たそかれの散策

都会から田舎に移って4年経ち、周りの農地、寺、古代の雰囲気に興味を持つようになり、ランダムに書いてみようかと思う。

隠される事実 <加藤陽子・評 『告白 あるPKO隊員の死・23年目の真実』>を読んで

2018-02-11 | 戦争・安全保障・人と国家

180211 隠される事実 <加藤陽子・評 『告白 あるPKO隊員の死・23年目の真実』>を読んで

 

本書の著者・旗手圭介氏は、<2016年8月放映のNHKスペシャル「ある文民警察官の死」>を作製したディレクターとのこと。

 

私もこの番組を見ました。PKOの実態についてはさまざまな情報が流れていても、十分な根拠にもとづくのか疑問もありました。しかし、この番組では放映された、派遣された人たちが登場して証言する生々しい体験と現場の状況、そして事件の経緯・状況は、いかに厳しい実態であったかを丁寧に伝えるもので、深く感動しました。いまでも記憶に残っています。

 

加藤陽子氏による書評はいつも注目している一つですが、今回も的確な内容で、その書評を頼りに、私の感じたことを書いてみたいと思います。

 

いま北朝鮮問題を含め世界各地で新たな問題が勃発しています。新たな時代と加藤氏が述べている内容は私が描くものと同じではないでしょうけど、新たな時代が起こっている予感はします。

 

そのとき加藤氏は<ひとつの時代が終わろうとしている今、私たちがぜひとも思い出し、検証しておくべき、冷戦終結直後の一つの歴史が、本書によって解き明かされた。>と、本書の意義を指摘します。

 

<1992年、宮澤喜一内閣がPKO(国連平和維持活動)協力法を成立させ、カンボジアPKOに初参加した歴史>について、本書の上記タイトル自体が「告白」という形で真実を赤裸々に、また背後の国、国際社会の人、組織の問題性にも肉薄しています。

 

歴史の表舞台では、加藤氏が書いているように、PKOの見事な成果として世界的に報じられました。

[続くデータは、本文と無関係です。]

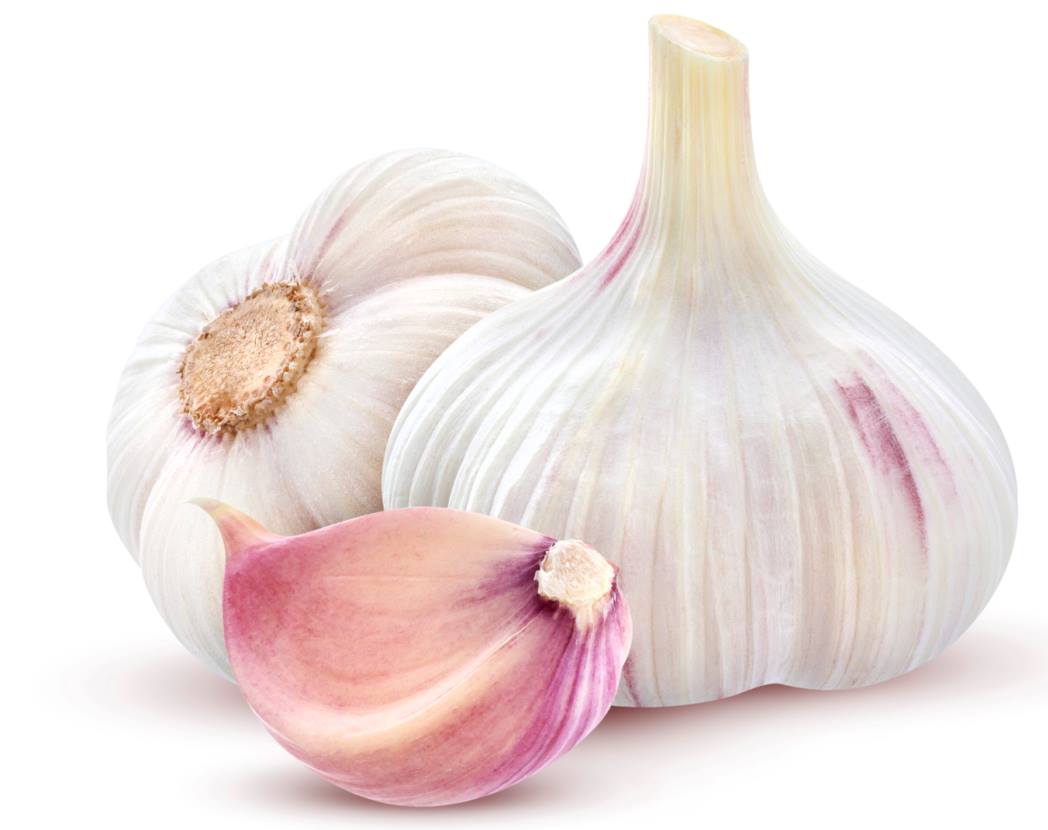 garlic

<91年パリでカンボジア停戦協定が調印されたのをうけ、国連監視下での総選挙実施の援助者として、自衛隊、文民警察官、国連ボランティアが派遣された。93年5月末、懸案の選挙は終了し、国連カンボジア暫定統治機構(UNTAC)代表・明石康は「自由で公正な選挙が行われた」と凱歌(がいか)をあげた。たしかに、有権者登録数470万人以上、投票率9割近くという数値を達成してはいた。>

 

しかし、事実は隠され、そこで派遣された隊員たちは、まるで戦時中の大本営発表で動かされた海外各地の戦場にいた兵隊のように生死を彷徨い、また沖縄では多くの民間人が自決を迫られたように、真実はこうだと言えないまま、PKO活動を行っていたのですね。

 

加藤氏は<日本から文民警察官として現地に赴いた、全国警察の俊英七十余名の肉声は、全く異なる事態を伝えていた。>として、本書の内容をいくつか引用しています。

 

<カンボジアの治安情勢について、いわく、「内戦中だったんですよ。パリ和平協定なんて全然守られていなかった」。兵站(へいたん)を軽視し違法な命令を強いたUNTACに対して、いわく、「明石氏に正解を聞きたかった」。>

 

このことはNHKの番組で、元隊員たちがリアルに銃砲が飛び交う様を切実に指摘していました。その事実はこの放映まで隠され続き、今なお事実として確定されていないのではないでしょうか。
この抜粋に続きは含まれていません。